Only the pictures should be left out; repeat the rest of the data exactly.

- [GIVEN INFORMATION]:
*** Block opens ***
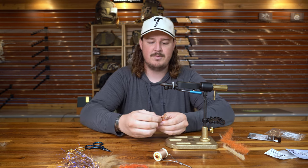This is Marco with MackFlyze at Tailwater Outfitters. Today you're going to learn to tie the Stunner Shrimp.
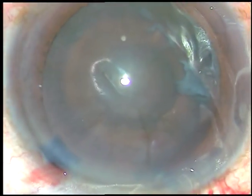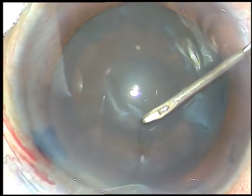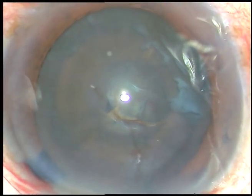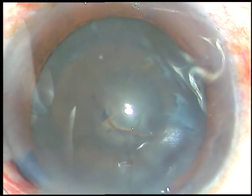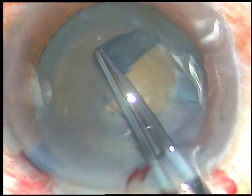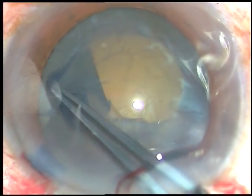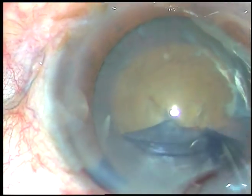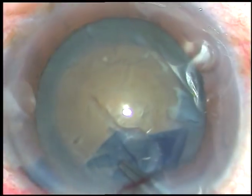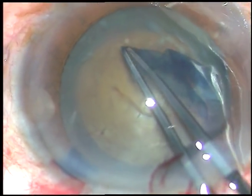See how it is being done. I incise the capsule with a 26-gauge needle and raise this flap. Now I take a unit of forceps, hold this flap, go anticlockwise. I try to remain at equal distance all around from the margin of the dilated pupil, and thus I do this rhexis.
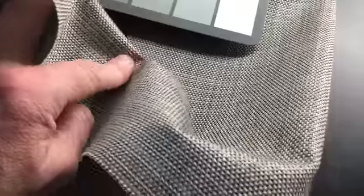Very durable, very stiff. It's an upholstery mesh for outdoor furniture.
*** Block closes ***
- [YOUR RESPONSE]:
This is Marco with MackFlyze at Tailwater Outfitters. Today you're going to learn to tie the Stunner Shrimp.
See how it is being done. I incise the capsule with a 26-gauge needle and raise this flap. Now I take a unit of forceps, hold this flap, go anticlockwise. I try to remain at equal distance all around from the margin of the dilated pupil, and thus I do this rhexis.
Very durable, very stiff. It's an upholstery mesh for outdoor furniture.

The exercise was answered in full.